Requirement: From the line with "motylarnia-i-zywy-bank-genow-w-jagniatkowie-foto-48303" to the line with "Royal Safari AR", retype each line exactly as it stands in the records below, but skip the pictures.

Given information:

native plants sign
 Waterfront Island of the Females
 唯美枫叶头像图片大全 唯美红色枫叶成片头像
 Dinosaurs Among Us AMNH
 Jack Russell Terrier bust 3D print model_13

---

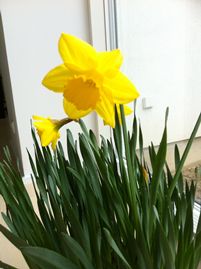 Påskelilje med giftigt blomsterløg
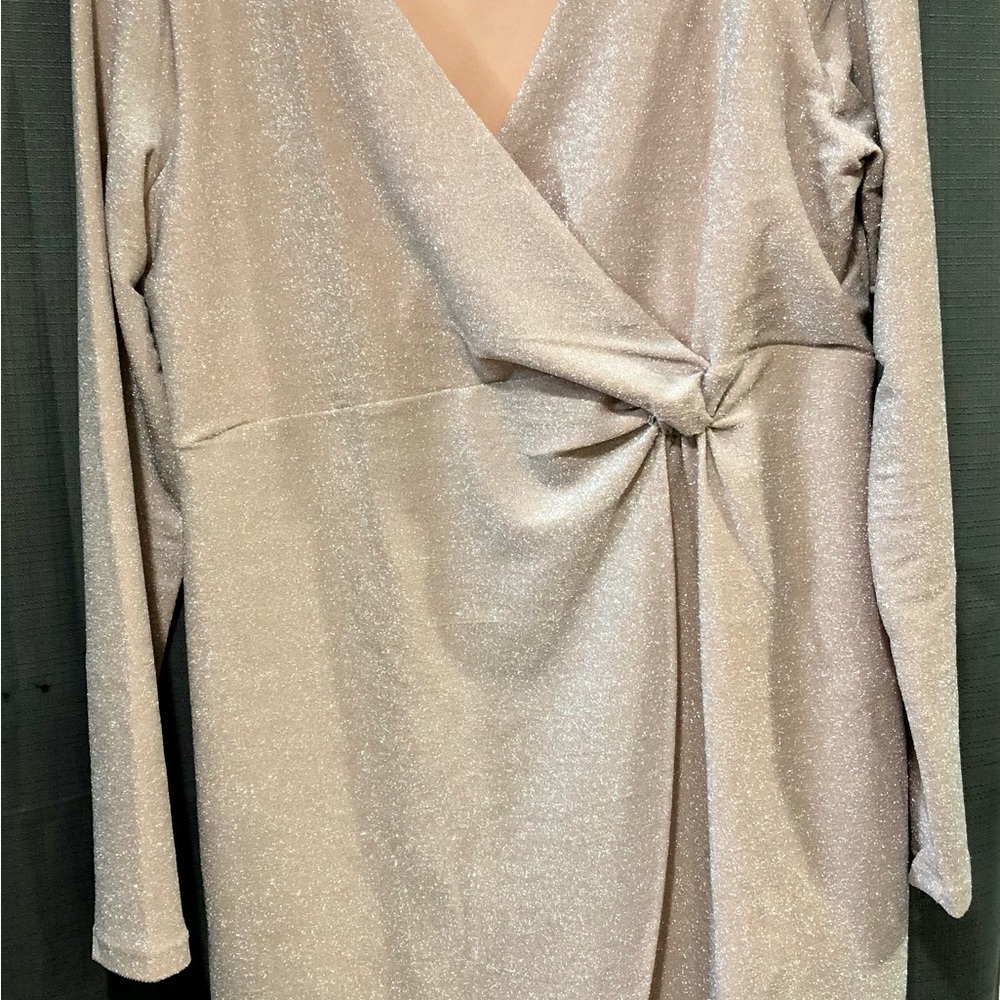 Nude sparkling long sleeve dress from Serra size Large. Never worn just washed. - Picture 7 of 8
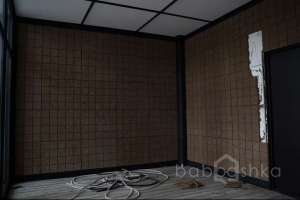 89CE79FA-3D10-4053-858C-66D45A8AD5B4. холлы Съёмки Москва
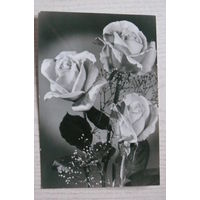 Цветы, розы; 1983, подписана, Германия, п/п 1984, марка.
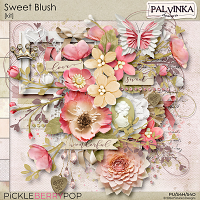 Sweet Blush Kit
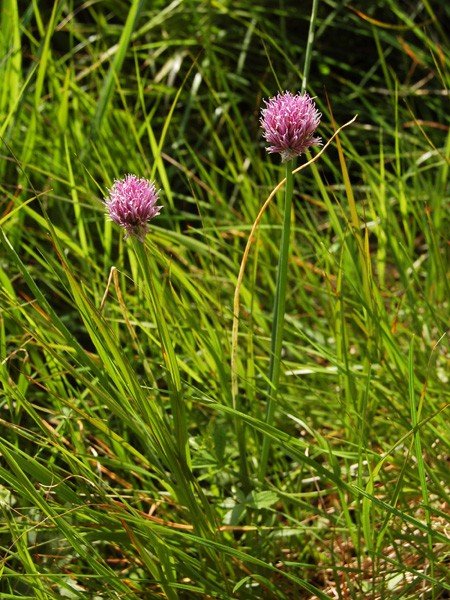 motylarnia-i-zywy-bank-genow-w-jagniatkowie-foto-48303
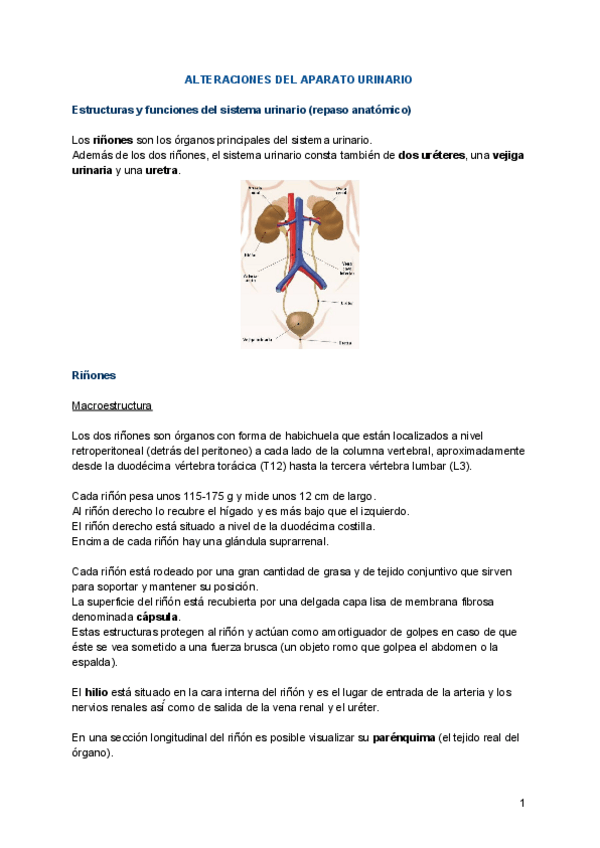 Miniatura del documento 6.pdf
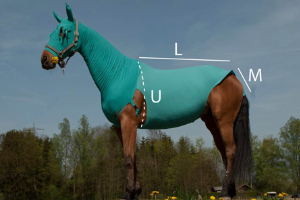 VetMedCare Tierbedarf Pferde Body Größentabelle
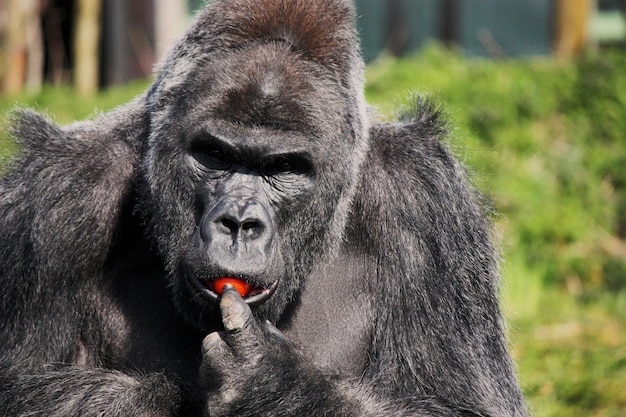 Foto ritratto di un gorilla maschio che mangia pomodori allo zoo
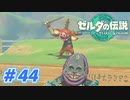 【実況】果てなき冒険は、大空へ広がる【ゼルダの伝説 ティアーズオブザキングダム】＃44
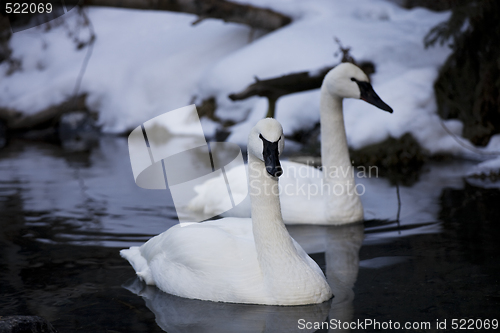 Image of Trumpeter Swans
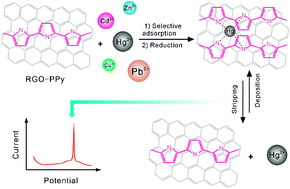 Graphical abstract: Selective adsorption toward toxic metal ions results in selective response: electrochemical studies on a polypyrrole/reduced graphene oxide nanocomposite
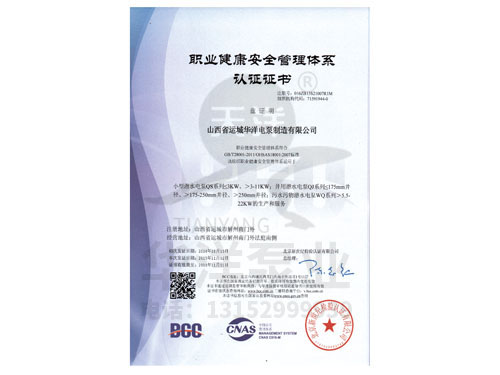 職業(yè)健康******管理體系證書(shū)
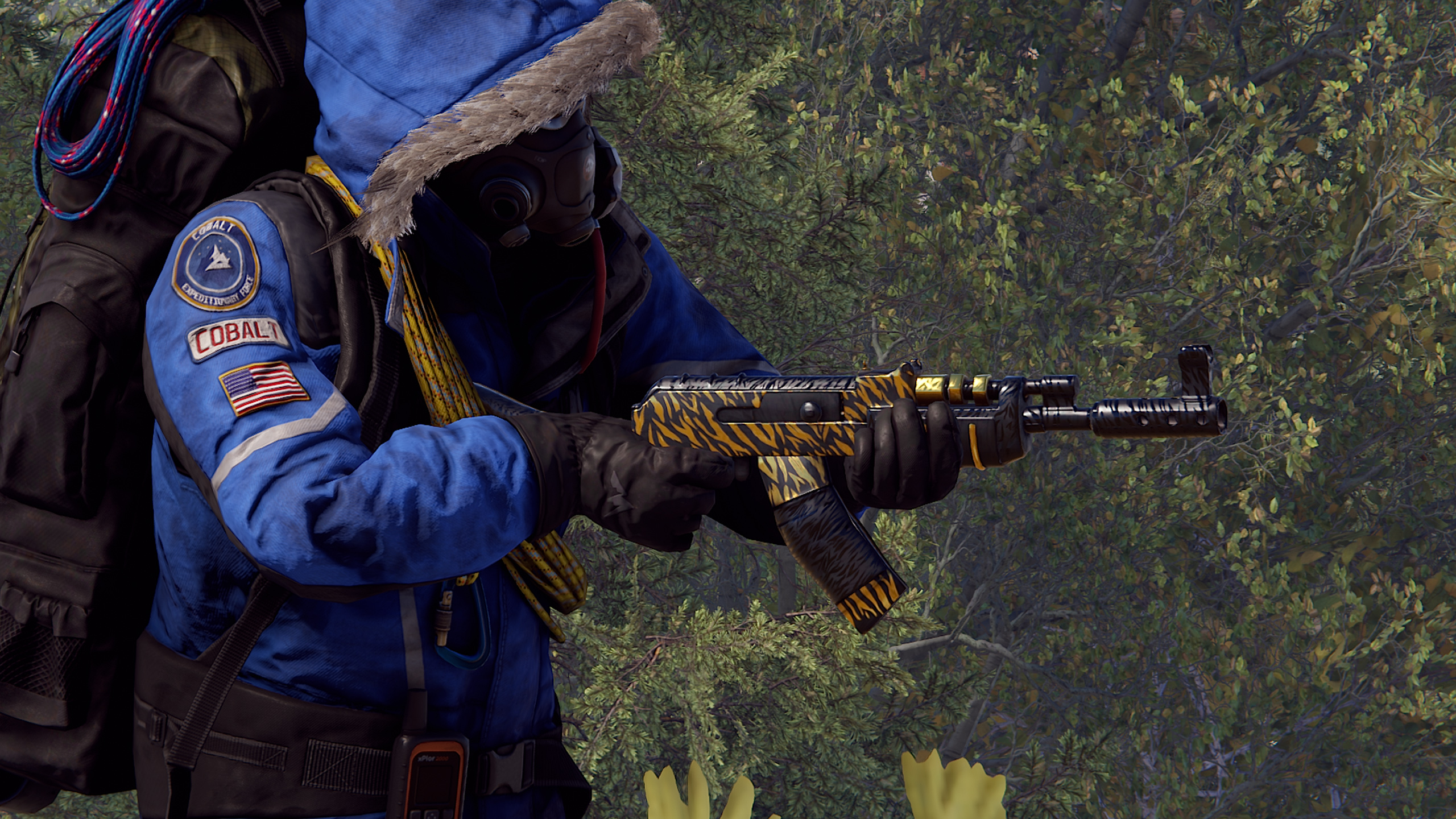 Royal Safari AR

Task response:
 motylarnia-i-zywy-bank-genow-w-jagniatkowie-foto-48303
 Miniatura del documento 6.pdf
 VetMedCare Tierbedarf Pferde Body Größentabelle
 Foto ritratto di un gorilla maschio che mangia pomodori allo zoo
 【実況】果てなき冒険は、大空へ広がる【ゼルダの伝説 ティアーズオブザキングダム】＃44
 Image of Trumpeter Swans
 Graphical abstract: Selective adsorption toward toxic metal ions results in selective response: electrochemical studies on a polypyrrole/reduced graphene oxide nanocomposite
 職業(yè)健康******管理體系證書(shū)
 Royal Safari AR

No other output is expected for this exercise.